_About this exercise_. Extract, exactly as written, all lines of the material below from the line that includes "vidaXL TV Cabinet" through its last line.

_Task data_.
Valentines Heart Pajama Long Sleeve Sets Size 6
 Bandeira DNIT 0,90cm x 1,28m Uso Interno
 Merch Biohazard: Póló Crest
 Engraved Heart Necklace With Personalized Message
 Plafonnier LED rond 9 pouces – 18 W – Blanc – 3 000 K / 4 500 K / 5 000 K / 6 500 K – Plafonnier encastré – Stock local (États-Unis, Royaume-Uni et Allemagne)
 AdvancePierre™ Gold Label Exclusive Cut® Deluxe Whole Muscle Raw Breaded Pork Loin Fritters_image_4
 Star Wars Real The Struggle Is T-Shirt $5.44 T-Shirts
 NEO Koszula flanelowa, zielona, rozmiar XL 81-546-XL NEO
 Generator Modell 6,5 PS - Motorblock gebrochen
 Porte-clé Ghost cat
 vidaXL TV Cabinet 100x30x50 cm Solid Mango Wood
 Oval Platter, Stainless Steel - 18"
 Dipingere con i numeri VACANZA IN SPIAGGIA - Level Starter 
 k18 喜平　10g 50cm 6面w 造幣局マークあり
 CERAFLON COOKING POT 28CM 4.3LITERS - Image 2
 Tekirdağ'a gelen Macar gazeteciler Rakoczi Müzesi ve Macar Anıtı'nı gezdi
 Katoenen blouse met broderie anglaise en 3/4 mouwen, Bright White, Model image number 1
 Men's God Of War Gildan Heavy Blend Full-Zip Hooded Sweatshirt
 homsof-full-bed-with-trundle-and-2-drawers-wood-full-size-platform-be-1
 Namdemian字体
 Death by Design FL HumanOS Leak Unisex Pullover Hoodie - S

_Written answer_.
 vidaXL TV Cabinet 100x30x50 cm Solid Mango Wood
 Oval Platter, Stainless Steel - 18"
 Dipingere con i numeri VACANZA IN SPIAGGIA - Level Starter 
 k18 喜平　10g 50cm 6面w 造幣局マークあり
 CERAFLON COOKING POT 28CM 4.3LITERS - Image 2
 Tekirdağ'a gelen Macar gazeteciler Rakoczi Müzesi ve Macar Anıtı'nı gezdi
 Katoenen blouse met broderie anglaise en 3/4 mouwen, Bright White, Model image number 1
 Men's God Of War Gildan Heavy Blend Full-Zip Hooded Sweatshirt
 homsof-full-bed-with-trundle-and-2-drawers-wood-full-size-platform-be-1
 Namdemian字体
 Death by Design FL HumanOS Leak Unisex Pullover Hoodie - S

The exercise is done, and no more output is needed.